Champions nie zawodzą. W sobotni wieczór wygrali finał Pucharu Stanu, bijąc mitrza Il. Metropolitan A.H. Soccer League w over-40 Division – chorwacką Concordię. To drugi pod rząd triumf w tym pucharze dla zespołu Waldemjara Kubiaka. Gratulacje!
CHAMPIONS – CONCORDIA 4-0 (2-0)
Bramki: Dariusz Lewandowski-2 oraz Januz Gurgul i Slawek Strzesak
Przy piłce Janusz Jelonkowski, podpora defensywy Champions
Już przed meczem można było wskazać faworyta tego spotkania, ponieważ drużyna Concordii miała tylko jedenastu zawodników do gry, m. in. oraz bramkarza, którego zastąpił zawodnik z pola. Nie podważa to sukcesu Champions bo grali dobrze,i lepiej niż drużyny np. w Stawski Soccer League.

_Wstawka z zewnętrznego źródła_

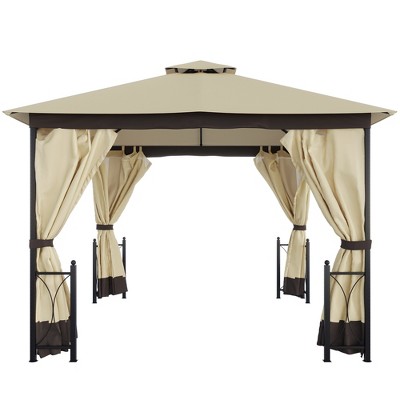 Beige and Black Steel Frame Patio Gazebo with Curtains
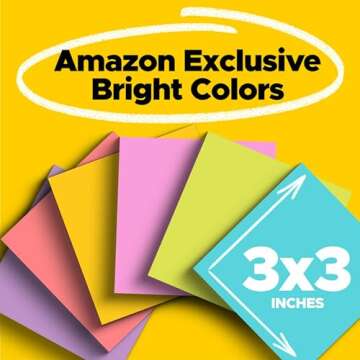 Post-it Super Sticky Notes, 3x3 in, 6 Pads/Pack, 90 Sheets/Pad, Amazon Exclusive Bright Color Collection, Aqua Splash, Acid Lime, Tropical Pink, Sunnyside, Guava and Iris Infusion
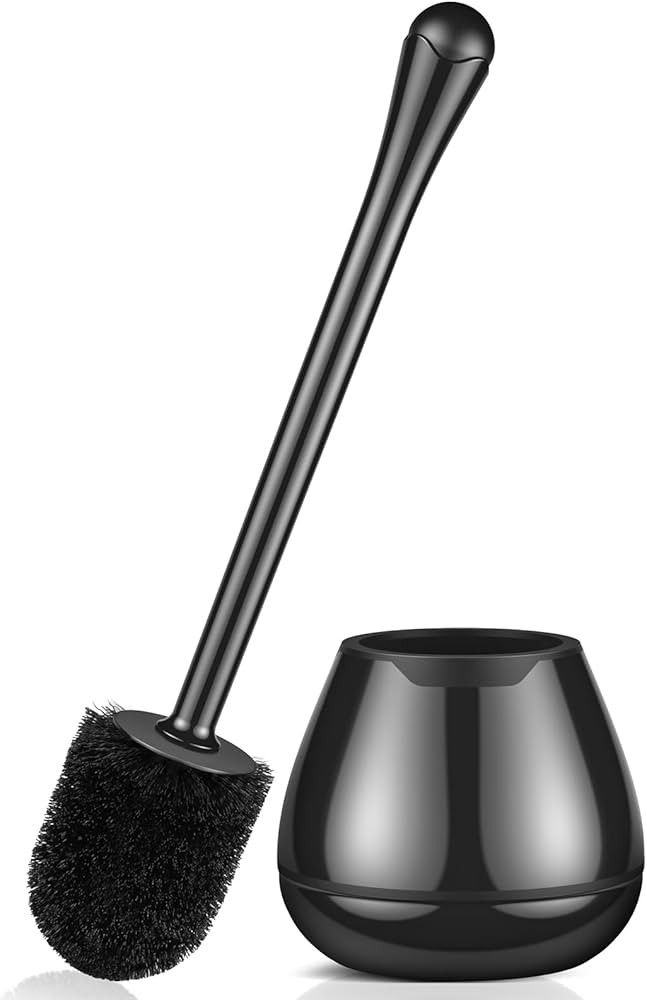 Toilet Brush and Holder, Toilet Bowl Brush and Holder with Long Handle, Plastic Holder Easy to Hi... | Amazon (US)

Do przerwy było 2-0 po bramkach Lewandowskiego i Gurgula, choć sytuacji było wiecej do zdobycia kolejnych bramek..Concordia ograniczyła sie do gry z kontry… Inaczej wyglądało to po przerwie ,gdzie przez większość czasu to Chorwaci przeważali, usiłując odrobić straty, tworzyli w tym okresie kilka sytuacji do zdobycia bramki, ale pod koniec spotkania opadli z sił (brak zmian) i w końcówce stracili dwie kolejne bramki po strzałach ponownie Lewandowskiego i Strzesaka…

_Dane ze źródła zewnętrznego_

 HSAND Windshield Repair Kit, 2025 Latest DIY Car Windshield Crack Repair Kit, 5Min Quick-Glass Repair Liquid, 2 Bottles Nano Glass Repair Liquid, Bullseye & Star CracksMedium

Od lewej: Waldemar Kubiak, Wojtek Kapuścik i Janusz Gurgul rozpoczynają kolejną akcje ofensywną
Nietypowe ujęcie zza bramki Janusza Bosowskiego
– Concordia to bardzo dobry zespół, ale z nami nie mial szans – podsumował Waldemar Kubiak. – W tym meczu widać było różnice poziomu pomiędzy zespolami z lig Metropolitan a Premier Soccer League, na korzyść naszej ligi. To spotkanie długimi fragmentami wyglądało jak obrona Częstochowy.
Tekst i zdjęcia – Jacek Jówko
.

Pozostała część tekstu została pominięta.